2.1. Particle Swarm Optimization (PSO)

The Particle Swarm Optimization (PSO) algorithm achieves optimization by simulating the cooperative foraging behaviour of particle swarms [20]. The update rules for particle velocity and position are expressed as shown in Equations (1) and (2) below:

$$v_i^d=\omega v_i^{\left(d-1\right)}+c_1{r}_1\left(pbes{t}_i^d-x_i^d\right)+c_2{r}_2\left(gbes{t}^d-x_i^d\right)$$

(1)

$$x_i^{\left(d+1\right)}=x_i^d+v_i^d$$

(2)

Among them, $v_i^d$ and $x_i^d$ denote the velocity and position of the $i$th particle at the $d$th iteration, respectively; $pbes{t}_i^d$ and $gbes{t}^d$ represent the individual best position of the particle and the global best position of the population (at the $d$th iteration), respectively; $c_1$ and $c_2$ are the individual learning factor and social learning factor of the particle, respectively; $\omega$ is the velocity inertia weight; $r_1$ and $r_2$ are random numbers within the range [0, 1].

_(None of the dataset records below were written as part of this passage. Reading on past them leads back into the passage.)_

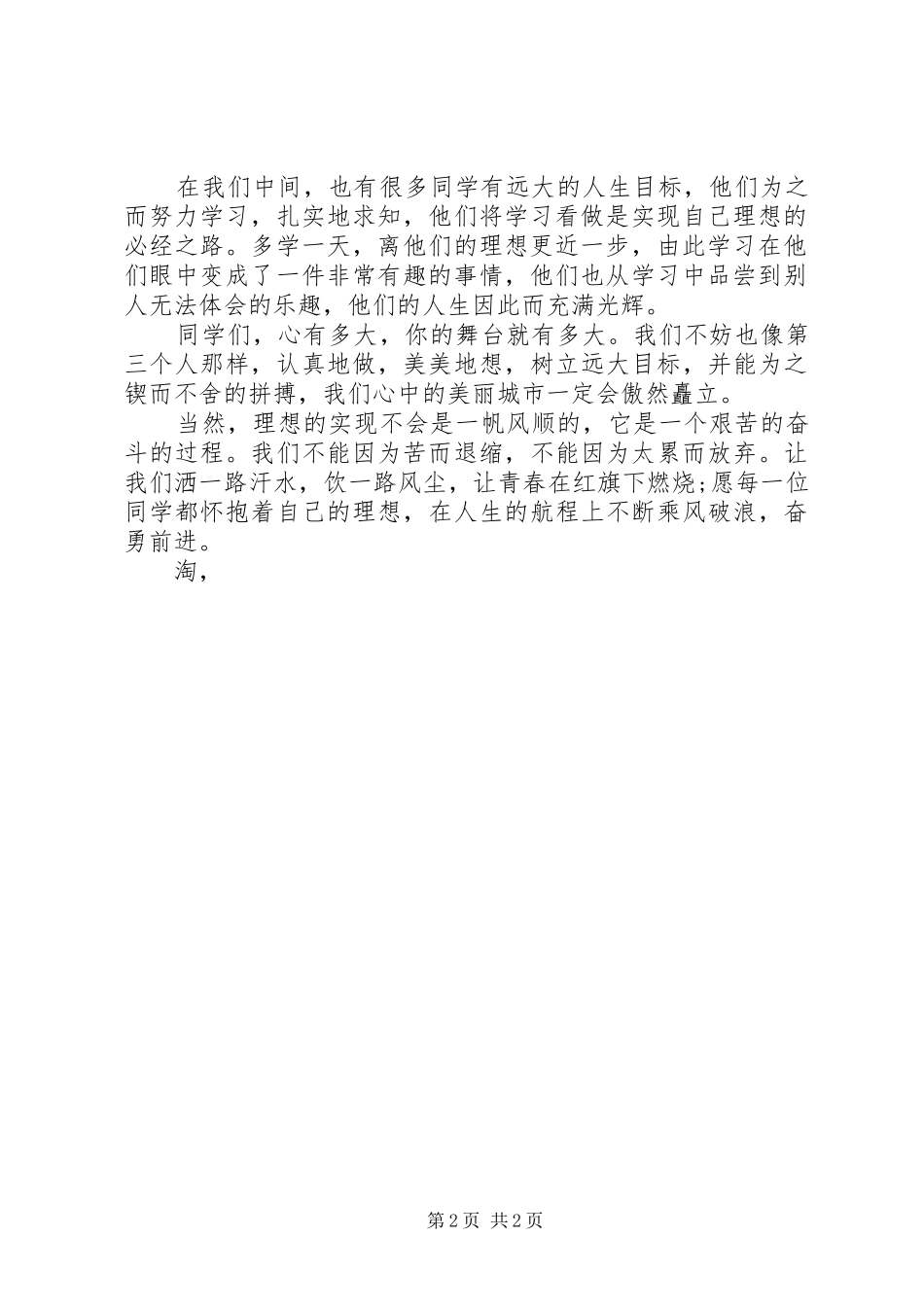 理想演讲稿范文：做一个有理想的人_第2页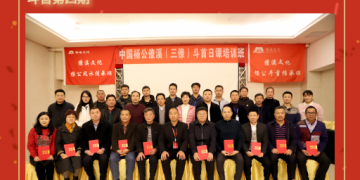 ingshi guides the way: Liaoxi Culture 2021 Spring Sanliao Yanggong Fengshui Inheritance Class Course Preview, hot registration is in progress…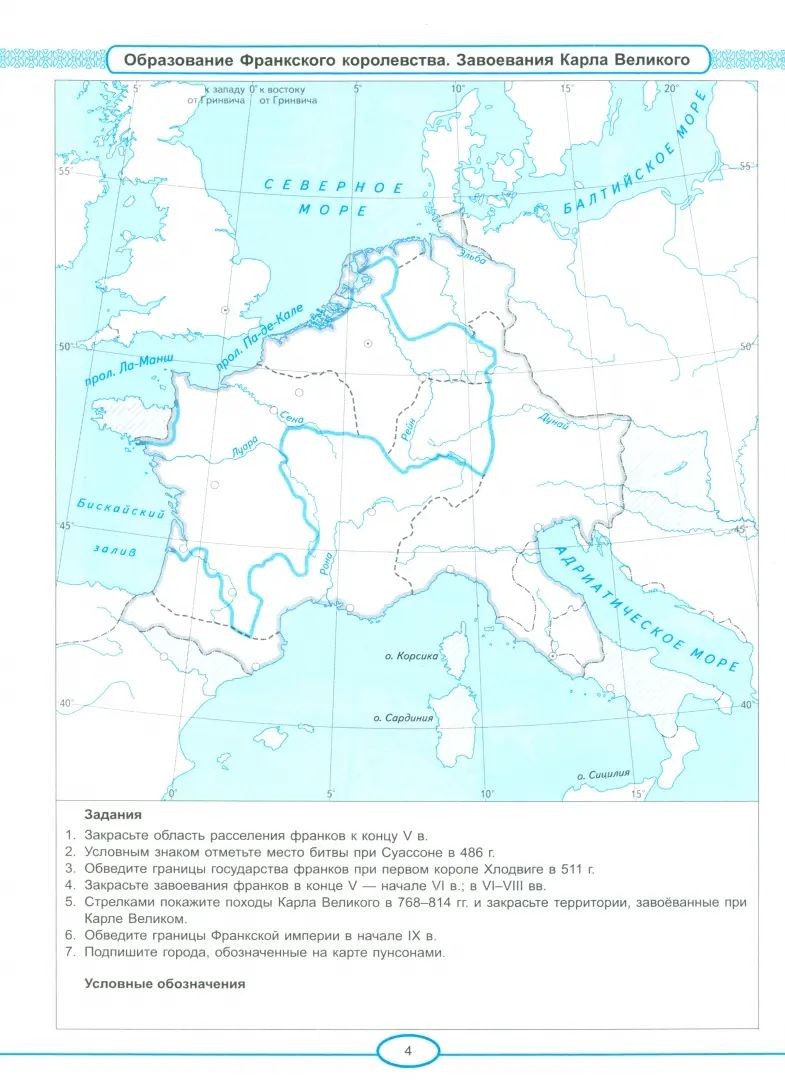 УМК. Контурные карты по истории Средних веков 6кл. Агибалова ФГОС НОВЫЙ (к новому учебнику)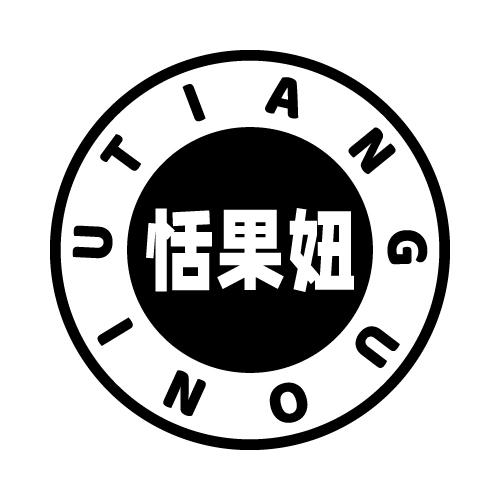 恬果妞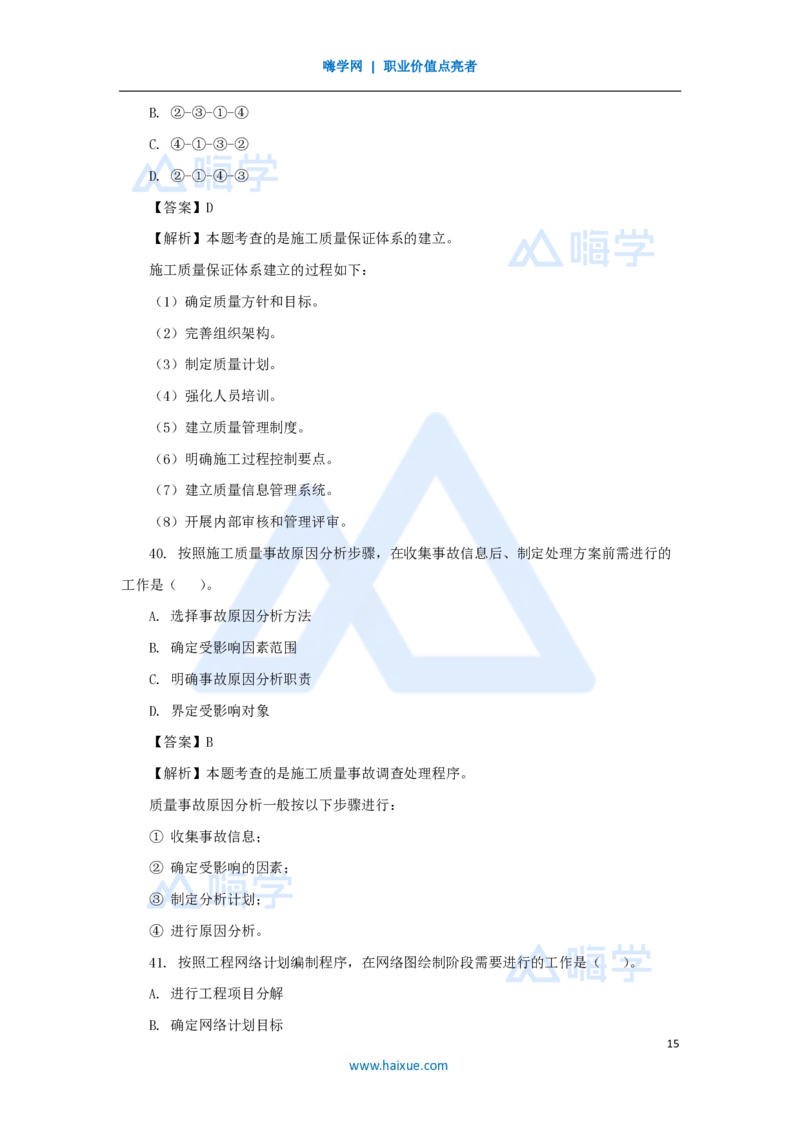 2025年真题A卷_2026二建全科_2026二级建造师（持续更新）看这里_2026二建管理SVIP_03-习题精析✿实战特训✿模考通关_05-2026年二建管理-嗨学网校-真题解析班-名师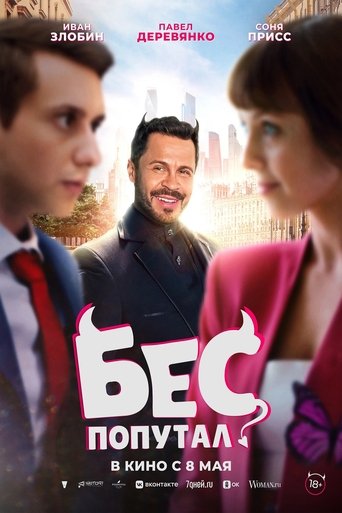 Смотреть Бес попутал онлайн в HD качестве 720p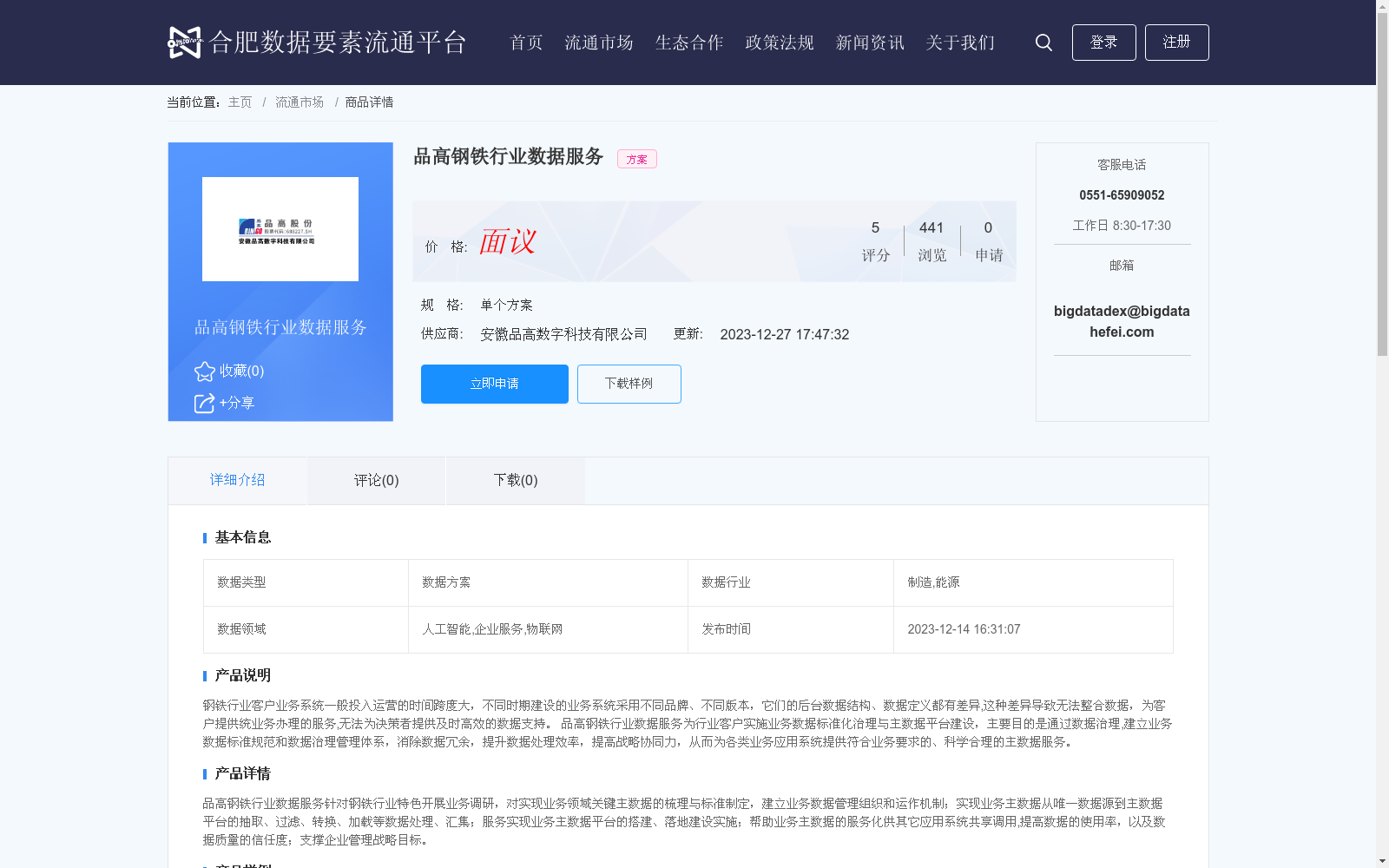 main_image_url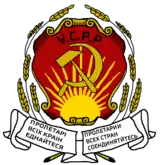 Ukrainian Soviet Socialist Republic 1919—29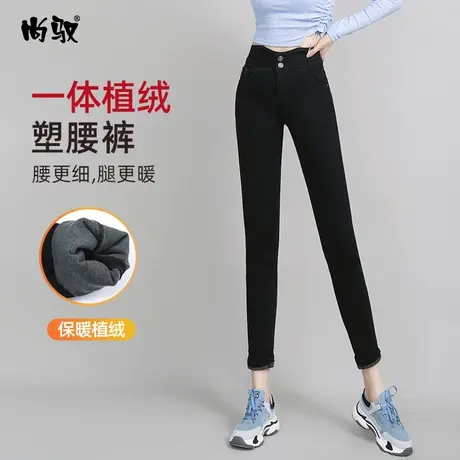 加绒牛仔裤女冬2022新款高腰设计感小众修身显瘦时尚小脚铅笔裤潮图片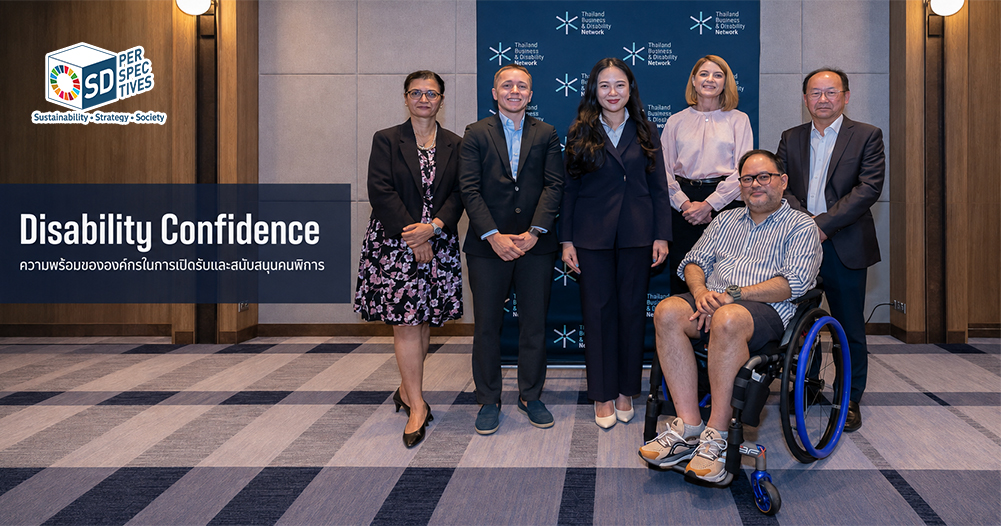 TBDN ร่วมกับภาคธุรกิจผลักดัน Disability Confidence และการจ้างงานคนพิการอย่างเท่าเทียมในประเทศไทย SD Perspectives : ESG & Business Strategy Media in Thailand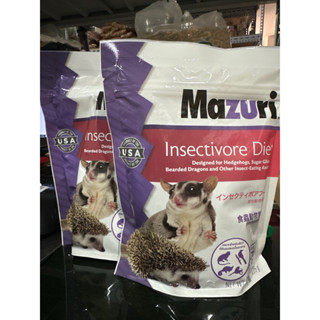 Mazuri Hedgehog  Diet อาหารเม่นแคระ&amp;ชูการ์ สูตรไดเอต ขนาด 225 g.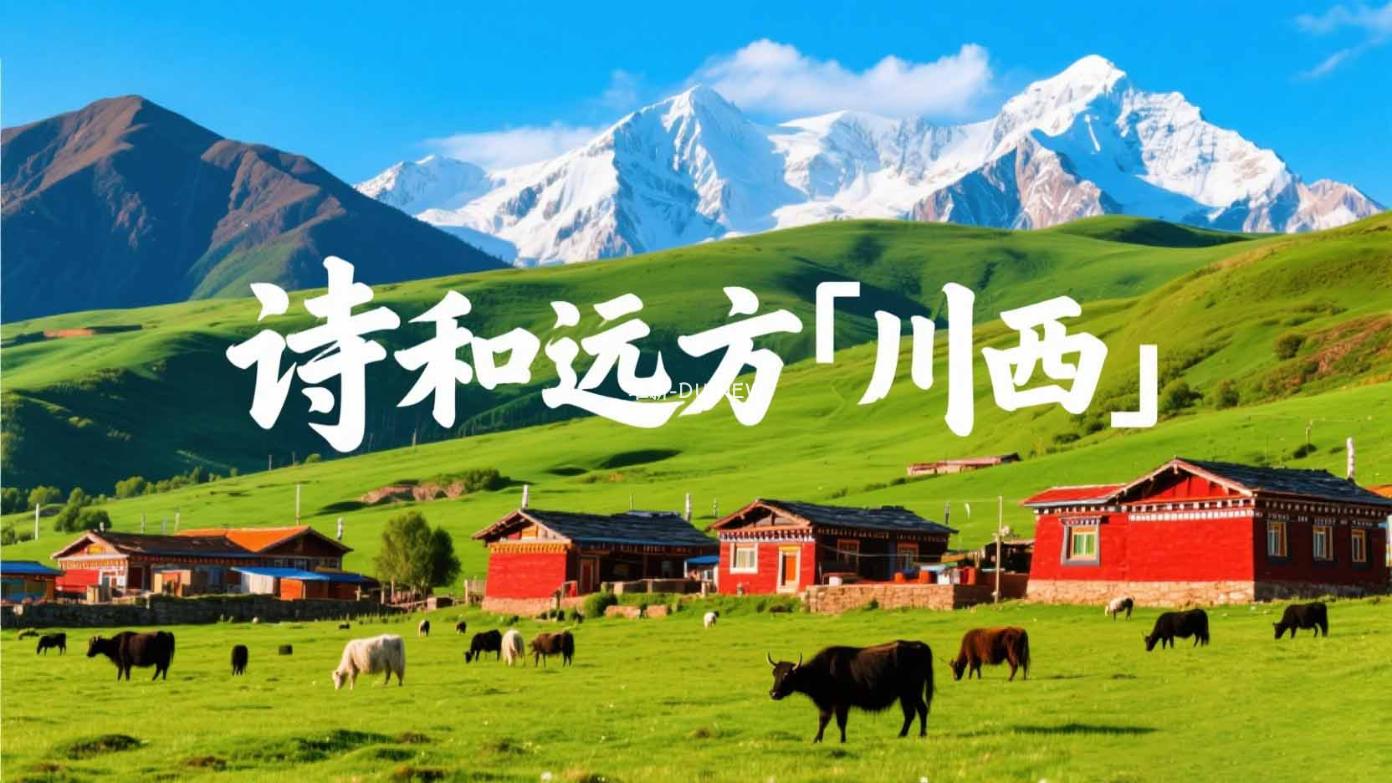 「你好，远方」西藏旅行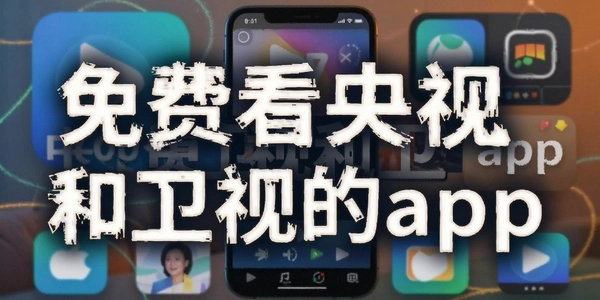 ��ѿ����Ӻ����ӵ�app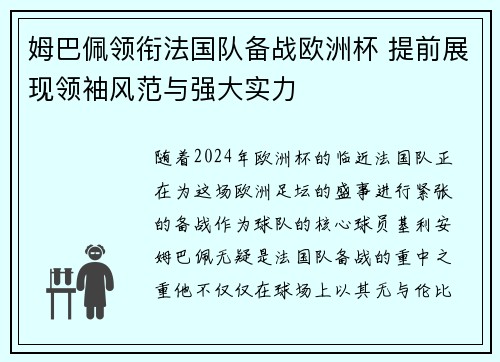姆巴佩领衔法国队备战欧洲杯 提前展现领袖风范与强大实力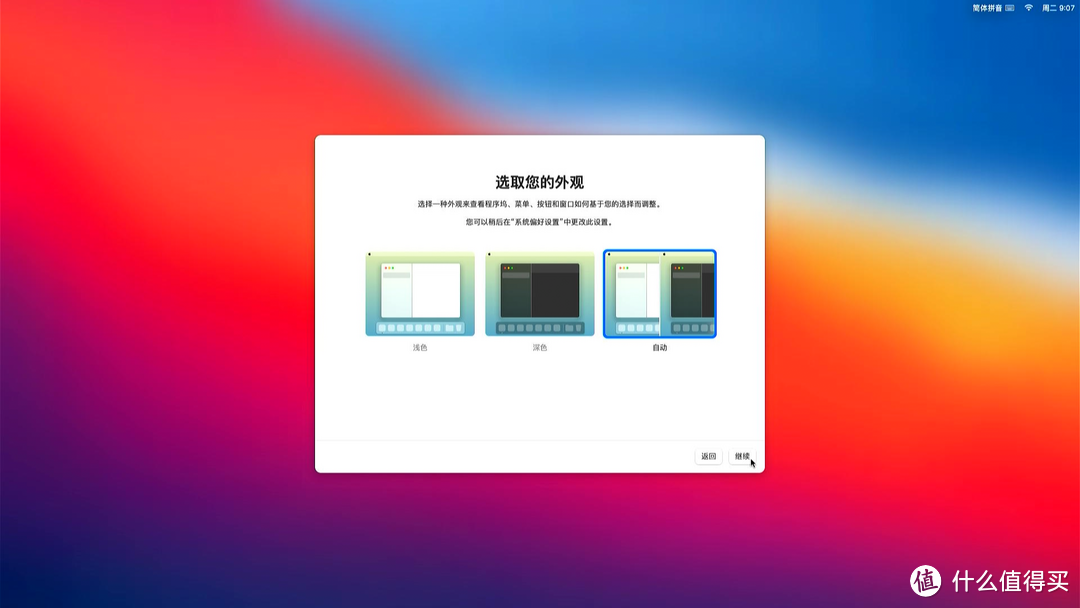 【首发】快乐加倍！零刻SER5迷你主机Win+Mac OS双系统保姆教程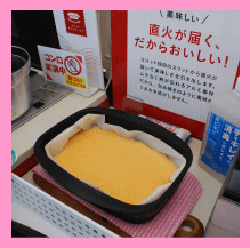 LPガス実演ブース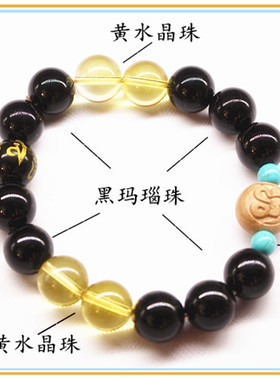 红玛瑙手链黄水晶手串桃木生肖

2.2. Grey Wolf Optimizer (GWO)

The Grey Wolf Optimizer (GWO) is a heuristic optimization algorithm that simulates the hierarchical structure and hunting behaviour of grey wolf populations [21]. The core of the algorithm lies in solving the optimal solution $\alpha$, suboptimal solution $\beta$, third optimal solution $\delta$, and follower wolves $\omega$. The behaviour model of the algorithm is expressed as shown in Equations (3)–(10):

$$D=\left|C·X_p\left(t\right)-X_i\left(t\right)\right|$$

(3)

$$X_i\left(t+1\right)=X_p\left(t\right)-A·D$$

(4)

$$A=2a{r}_1-a$$

(5)

$$C=2r_2$$

(6)

$$a=2-2\hspace{0.17em}t/t_{max}$$

(7)

$$\left\{\begin{array}{c}{D}_{\alpha }=\left|C_1·X_{\alpha }\left(t\right)-X_i\left(t\right)\right|\hfill \\ D_{\beta }=\left|C_2·X_{\beta }\left(t\right)-X_i\left(t\right)\right|\hfill \\ D_{\delta }=\left|C_3·X_{\delta }\left(t\right)-X_i\left(t\right)\right|\hfill \end{array}\right.$$

(8)

$$\left\{\begin{array}{l}{X}_1=X_{\alpha }\left(t\right)-A_1·D_{\alpha }\hfill \\ X_2=X_{\beta }\left(t\right)-A_2·D_{\beta }\hfill \\ X_3=X_{\delta }\left(t\right)-A_3·D_{\delta }\hfill \end{array}.\right.$$

(9)

$$X_i\left(t+1\right)=\left(X_1+X_2+X_3\right)/3$$

(10)

Among these, Equations (3)–(7) correspond to the prey encircling phase, where $X_p\left(t\right)$ denotes the position of the prey at the $t$ th iteration; Equations (8)–(10) correspond to the prey hunting phase. Specifically, $D_{\alpha }$, $D_{\beta }$, and $D_{\delta }$ represent the distances between the current grey wolfnd the $\alpha$ wolf, $\beta$ wolf, and $\delta$ wolf, respectively; $X_{\alpha }\left(t\right)$, $X_{\beta }\left(t\right)$, and $X_{\delta }\left(t\right)$ denote the positions of the $\alpha$ wolf, $\beta$ wolf, and $\delta$ wolf at the $t$th iteration, respectively; $A$ and $C$, are coefficient vectors; $a$ is the convergence factor; $t$ is the current number of iterations; and $t_{max}$ is the maximum number of iterations.

3. Design of Improved Grey Wolf Optimizer (CPS-GWO)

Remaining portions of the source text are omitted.